R-beta: t.test in R

MM Peterson magnus at balhaldie.u-net.com
Sun Feb 22 13:16:18 CET 1998


RE t.test in R

I objected a day or two ago to the behaviour of the one-sample t.test in R
where it is easy to generate a "confidence interval" for the mean of the
population
which does not contain the sample mean, in the case where the null
hypothesis is
rejected.  It now appears that the same behaviour is latent in the code for
the two-sample version of this test.  The relevant lines from the code for the
t.test function are reproduced below, the two lines I find objectionable in
each
being the ones where a value is assigned to tstat.
	

if (var.equal) {
                        df <- nx + ny - 2
                        v <- ((nx - 1) * vx + (ny - 1) * vy)/df
                        stderr <- sqrt(v * (1/nx + 1/ny))
                        tstat <- (mx - my - mu)/stderr
                }
                else {
                        stderrx <- sqrt(vx/nx)
                        stderry <- sqrt(vy/ny)
                        stderr <- sqrt(stderrx^2 + stderry^2)
                        df <- stderr^4/(stderrx^4/(nx - 1) + 
                                stderry^4/(ny - 1))
                        tstat <- (mx - my - mu)/stderr
                }


I say this problem is LATENT in the code, because it is very rare indeed
to apply the two-sample t-test with a proposed null-value for the difference
of the means of the populations from which the samples came different from 0.

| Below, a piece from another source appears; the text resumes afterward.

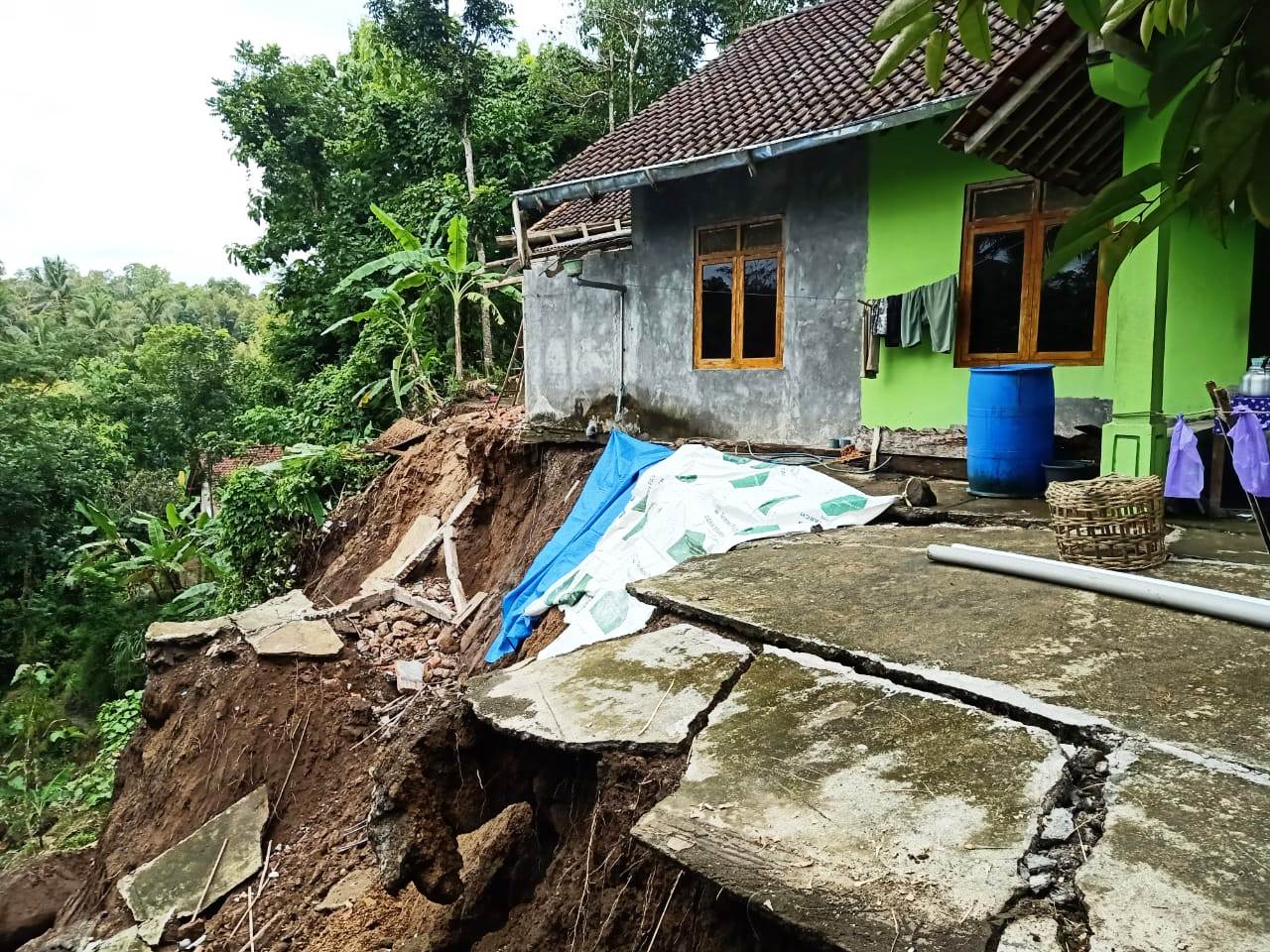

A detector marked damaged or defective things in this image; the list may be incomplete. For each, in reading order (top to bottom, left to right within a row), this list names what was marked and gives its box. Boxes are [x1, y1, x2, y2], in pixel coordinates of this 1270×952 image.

cracked concrete [474, 627, 754, 750]
cracked concrete [631, 651, 1064, 948]
cracked concrete [631, 524, 1270, 770]
cracked concrete [1080, 746, 1270, 948]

	Nevertheless if such a case were analysed, with a straightforwardd two-sided
alternative, one would expect the confidence interval for the difference of
the
population means given as part of the output to be centred on the
difference of
the sample means observed. Instead the same anomalous behaviour is of course
apparent as in the one-sample case as the following examples show.

> x.sample <- scan()
1: 4 5 6 7 8
6: 
Read 5 items
> y.sample <- x.sample
> t.test(x.sample,y.sample,var.equal=TRUE,mu=50)

	 Two Sample t-test 

data:  x.sample and y.sample 
t = -50, df = 8, p-value = 0 
alternative hypothesis: true difference in means is not equal to 50 
95 percent confidence interval:
 -52.306 -47.694 
sample estimates:
mean of x mean of y 
        6         6 

> t.test(x.sample,y.sample,mu=50)

	 Welch Two Sample t-test 

data:  x.sample and y.sample 
t = -50, df = 8, p-value = 0 
alternative hypothesis: true difference in means is not equal to 50 
95 percent confidence interval:
 -52.306 -47.694 
sample estimates:
mean of x mean of y 
        6         6 

I guess the same simple remedy is available in these cases as for the
one-sample test, until and if changes are made in version 0.61.2.